To date, optical palpation has been developed primarily for clinical applications, typically suited to advanced healthcare systems, owing to the high cost of OCT. A benefit of CBOP is that it offers a cost-effective implementation of optical palpation, which can broaden the applications of optical palpation, particularly in remote and low-resource settings. For example, CBOP may aid in assessment of the cavity wall following a wide local excision in breast cancer surgery, where other intraoperative techniques would prove too costly for low-resource healthcare72,73. In addition, CBOP may be suitable for remote applications beyond medicine, such as agriculture, where the bulk stiffness of plant leaves is an indicator of plant health74.

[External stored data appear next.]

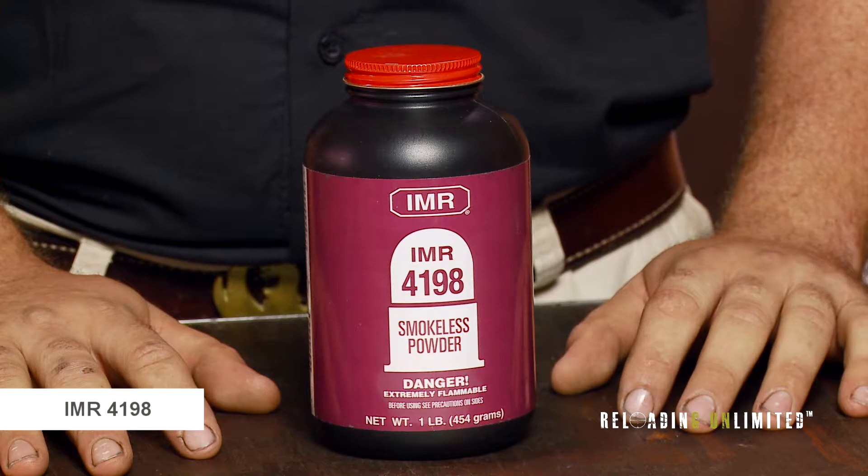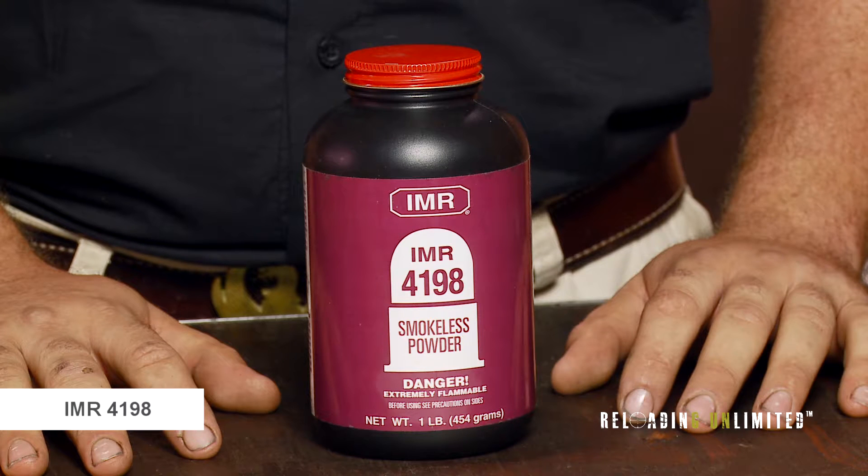IMR 4198 is a medium-burning rifle powder. It works well in cartridges such as 222 Remington, 221 Fireball, and 223 Remington. It also works in cartridges like 45-70.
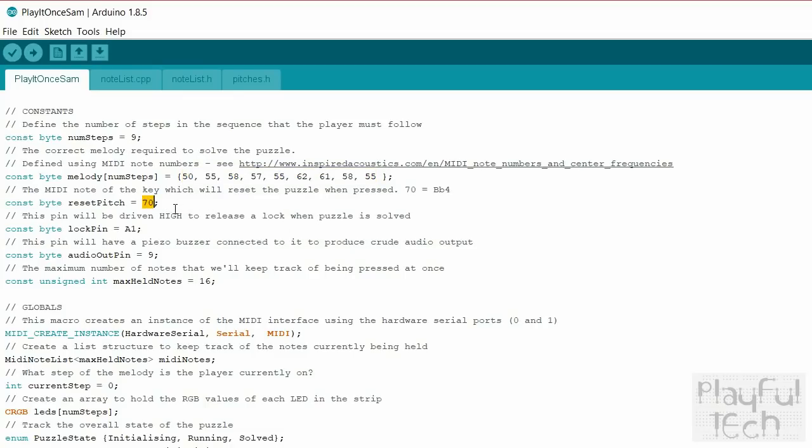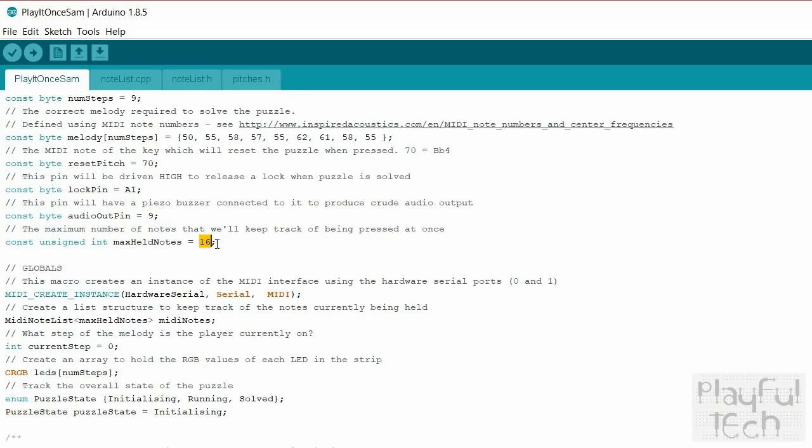I've also defined another note — this is going to be the reset key, so when the puzzle has been solved, if the input corresponding to that MIDI note value is played, it resets the puzzle. Currently that's a high B flat. This is the Arduino pin that has the relay signal assigned to it — that's what's going to be driven high to unlock the lock when the puzzle is solved. And this is the pin that has the buzzer attached to it, so if you move those to another pin you can update those values. Finally, I mentioned that list structure to keep track of more than one note played at once — this is just a limit to say the maximum number of notes we're going to keep track of, which is somewhat arbitrarily set at 16.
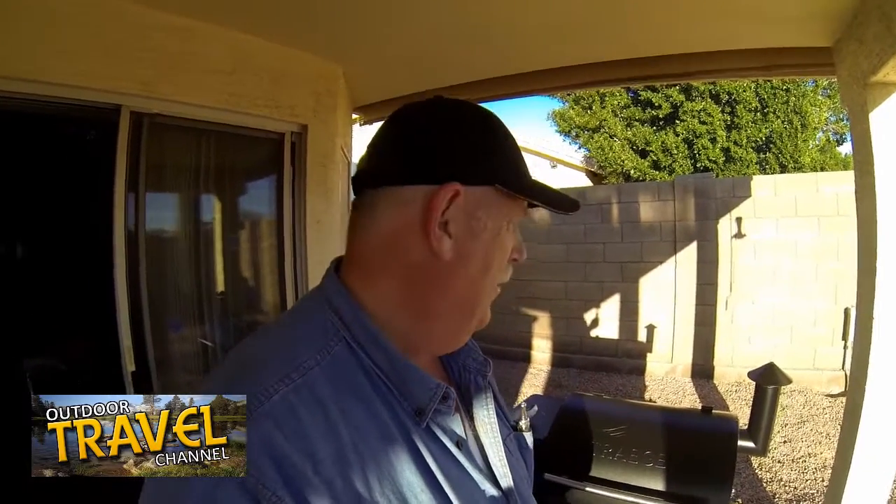Let's begin with a sneak peek — we're cooking a chicken. Right now it's smoking for about 45 minutes. I covered it with salt, pepper, and some secret goodies on the outside. I'm going to let it smoke for about 45 minutes, then cook it for about an hour and a half at the highest temperature, which is about 400 and some odd degrees.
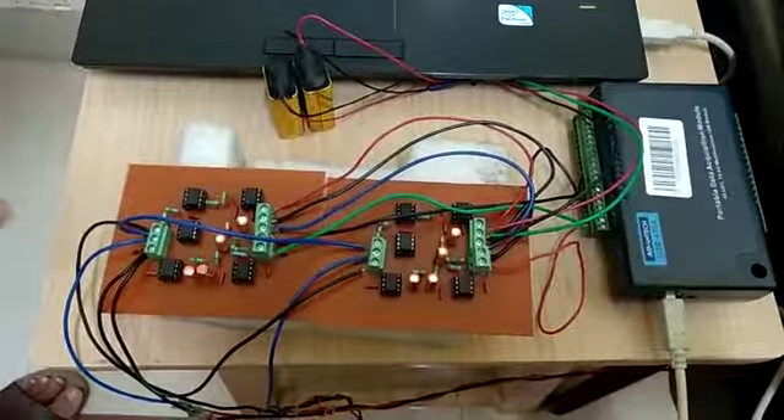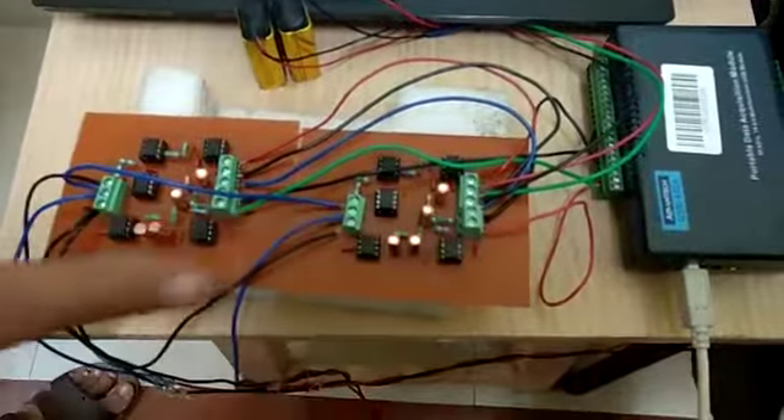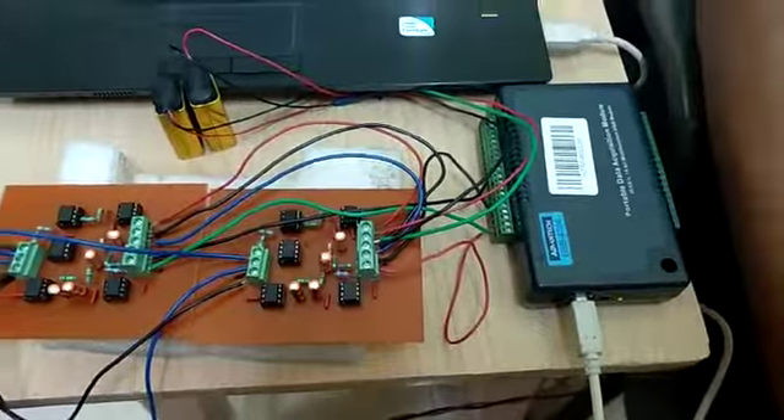This is the dual-channel ECG signal acquisition system developed in our lab. Here are the two bi-potential amplifiers, the battery power supply, and the data acquisition system.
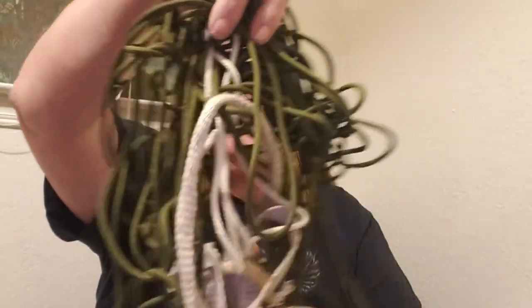Hey guys, I'm going to go over your cordage or rope kit for your kit today, and also how to make it so your stuff isn't all tangled up. This is a mess — total mess — but there's a way you can put it together so you can just pull it out and it won't tangle.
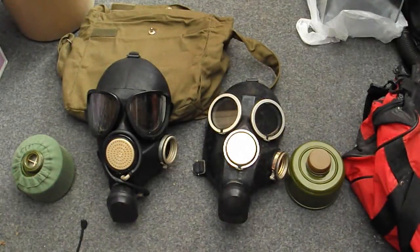I thought I'd do a comparison between the Russian gas masks — sort of Russian gas masks that are currently in service. The one on the left is the PMK gas mask, and the one on the right is the GP7.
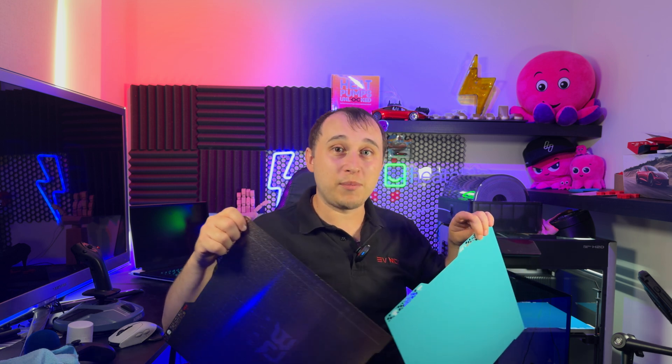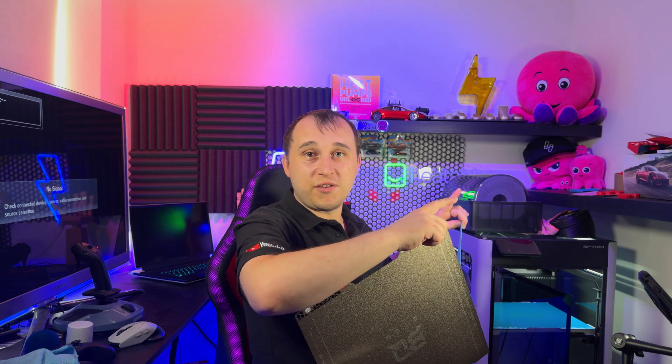If you want to see more about the Bambu H2D printer, check out my review of it right there.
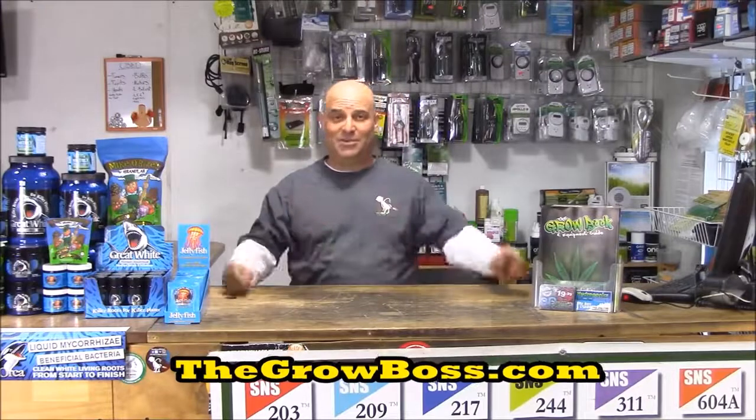Hi, I'm the Grow Boss and in this video I'm going to explain to you the top five things that I explain to my customers about using nutrients during flower, and I'm going to explain it to you just like I explained it to them.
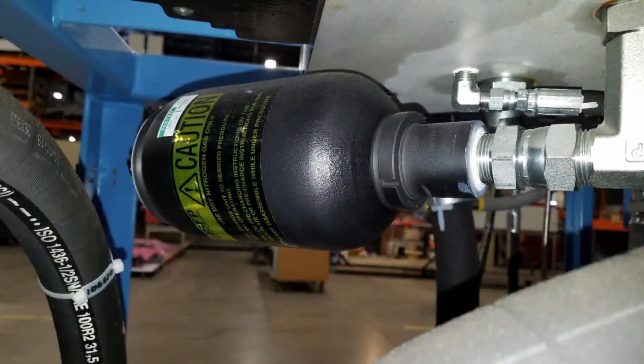JetEdge uses hydraulic accumulators to reduce shock in the hydraulic system, resulting in a better performing hydraulic and ultra-high pressure water circuit.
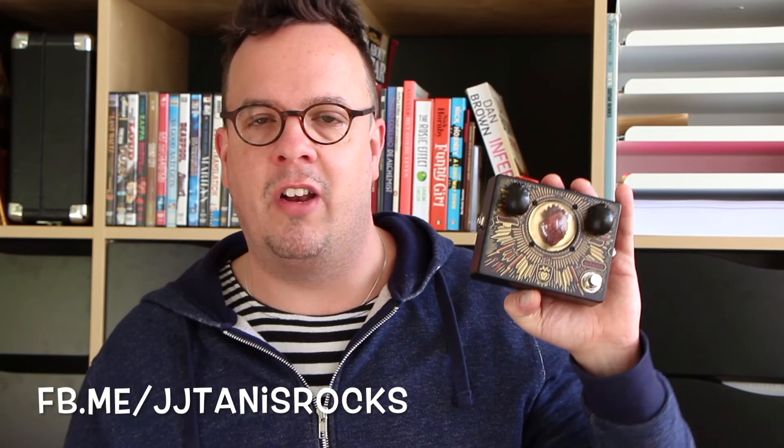So there you have it — a closer look at the Dr. No Effects Troy Van Leeuwen Octavia. Really neat looking pedal, very well made, sounds terrific. If you're looking for an old-school Octavia, check this thing out. Please like my Facebook page and Instagram, where you can find a photo diary and my vlogs — so you won't miss out on any of those Facebook-only videos. If you're not a subscriber yet, please hit that button. Signing off — JJ out.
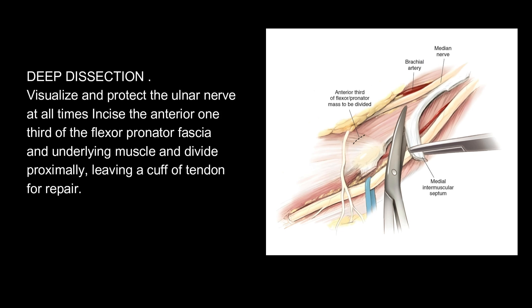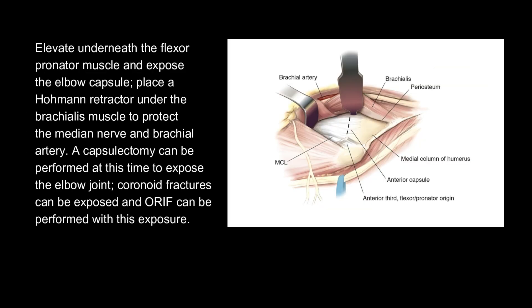Deep dissection: Visualize and protect the ulnar nerve at all times. Incise the anterior one-third of the flexor-pronator fascia and underlying muscle and divide proximally, leaving a cuff of tendon for repair. Elevate underneath the flexor-pronator muscle and expose the elbow capsule. Place a Hohmann retractor under the brachialis muscle to protect the median nerve and brachial artery. A capsulectomy can be performed at this time to expose the elbow joint. Coronoid fractures can be exposed and ORIF can be performed with this exposure.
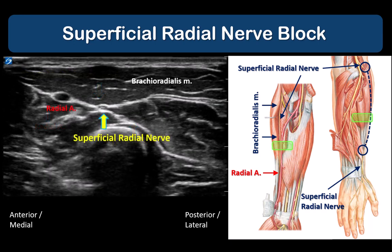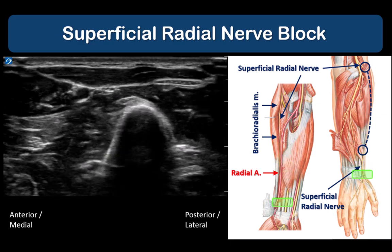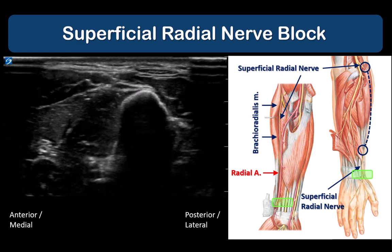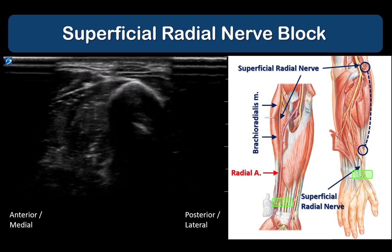As we slide the probe distally towards the wrist, the brachioradialis muscle shrinks into its tendon and the superficial radial nerve continues to lie under the muscle but becomes more and more superficial, running just lateral to the radial artery until it lies just under the same investing fascia.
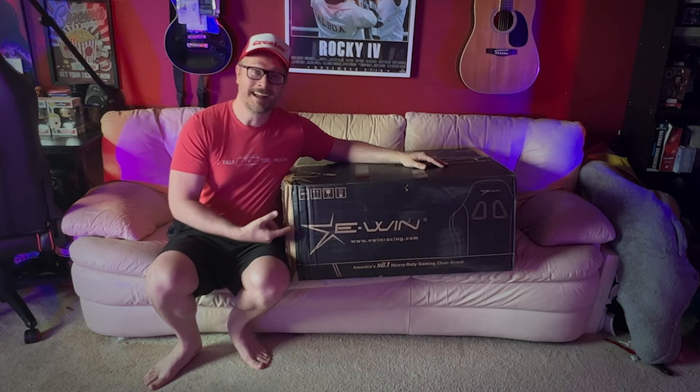But EWIN has a new chair, and they graciously sent it to me to check out. So let's talk about it.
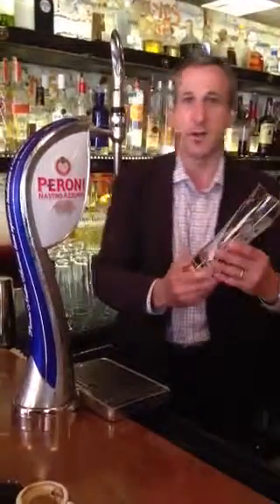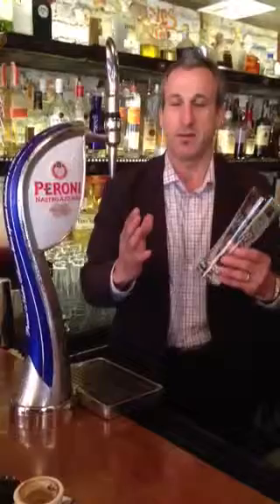Good afternoon. Today we're going to demonstrate how to pour the Peroni on the Perfect Draft.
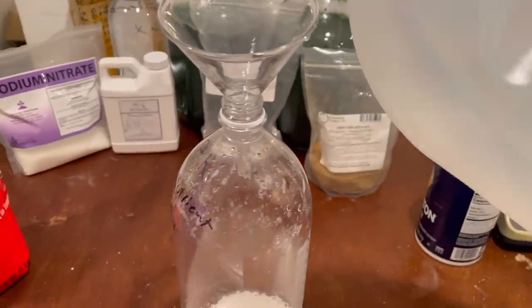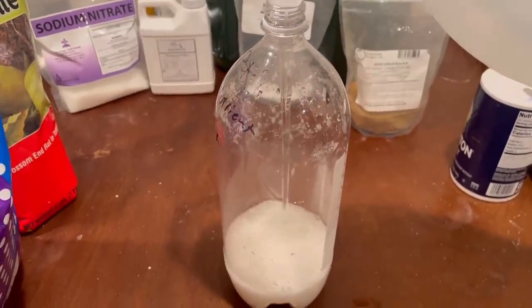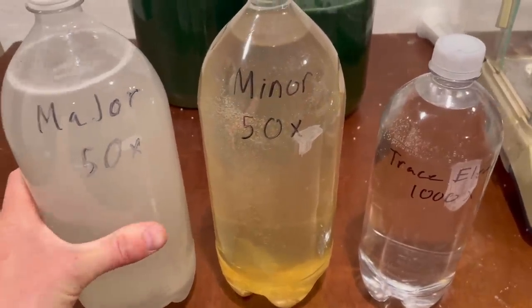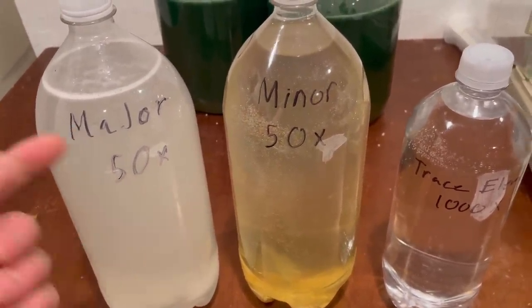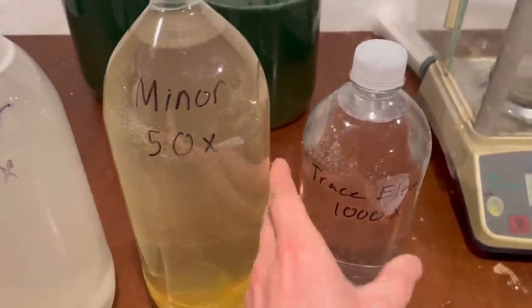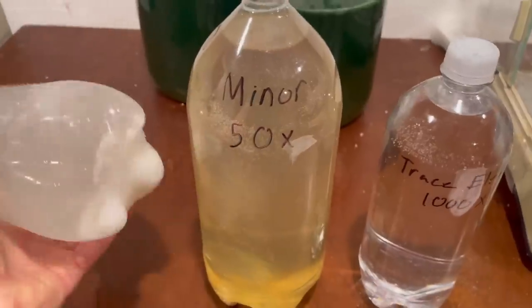Using distilled water, here are my three bottles — the three solutions. I decided to name them 'major' for the major elements and 'trace' for the trace elements.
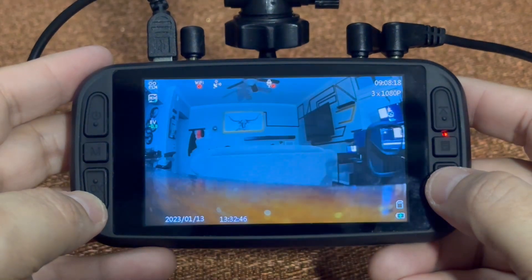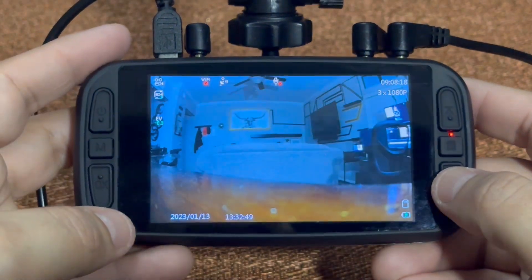Once again, you're hitting the down arrow to toggle in between your cameras. Thank you so much for watching.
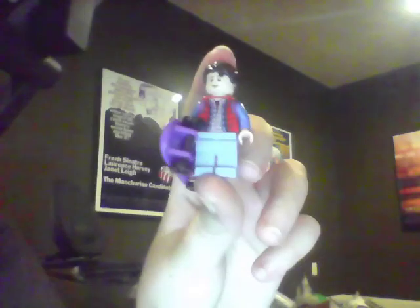Let's get into the minifigures. Here's Marty McFly. He comes with a little purple skateboard and has a scared face and a happy face. Cool vest, though.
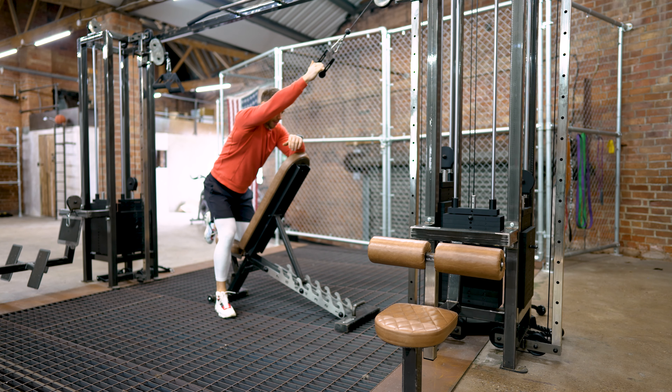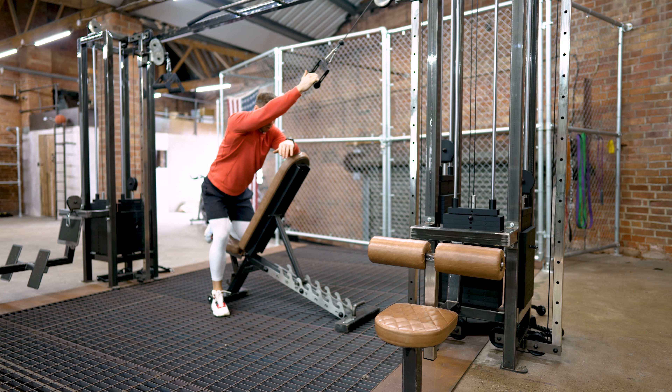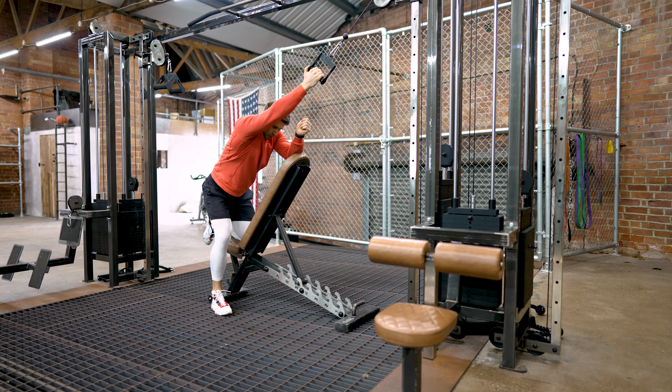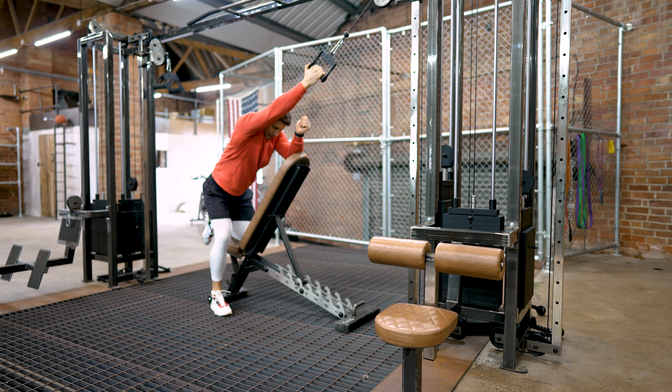Set your cable up high with an incline bench in front. Slightly angle off towards one side to get a lot of length through your lats, then focus on driving in an arcing motion down towards your hip. Finish with a nice big stretch at the top, almost allowing that scapula to glide up a little.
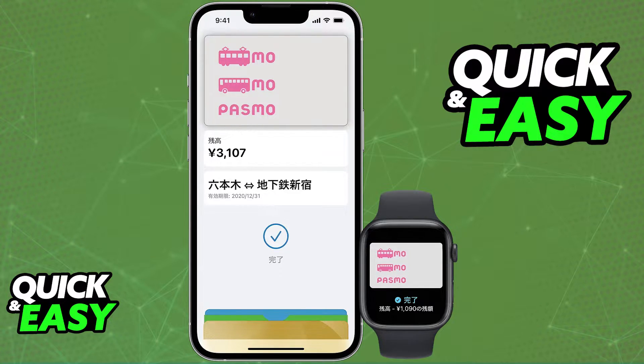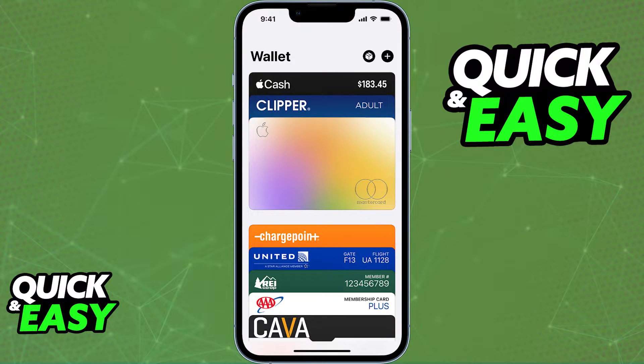Regardless of which option you pick, the process is roughly the same. In this video, I'm going to show you how to do it on your iPhone. So open up the Wallet app and click the plus sign at the top right corner of the screen.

In this proof-of-principle study, CBOP was performed using a benchtop design, with a high-resolution CMOS camera to ensure high quality optical palpograms. In future work, this technique can be implemented using more cost-effective CCD/CMOS cameras. As CBOP consists of only a digital camera and the accompanying layers, it can be readily incorporated in a smartphone, with a broad range of potential applications, e.g. the detection of malignant skin lesions75,76. While there is already a great deal of research into the use of smartphones in diagnostic applications, augmenting these techniques with elastography holds potential for increasing diagnostic accuracy. In addition, the benchtop scanning system is restricted to ex vivo studies, whilst development of a small form-factor probe would permit scanning of in vivo tissue intraoperatively, e.g. the assessment and localisation of hepatic tumours, which present as stiff lesions, during liver surgery65. Furthermore, the use of a digital camera allows for the design of a wireless probe, which is preferable in a robust clinical setting due to the dexterity and freedom of motion it offers.

Conclusion

In this paper, we have presented CBOP, a cost-effective optical elastography platform capable of mapping stress at the tissue surface. CBOP has demonstrated a resolution of 290 µm and a CNR of 35.2, similar to values obtained with OCT-based optical palpation. In addition, we have demonstrated that CBOP can detect the mechanical contrast between invasive tumour and benign tissue in excised human breast specimens. This technique can be readily developed into a small form factor handheld probe due to the use of a simple digital camera, enhancing the potential for clinical translation.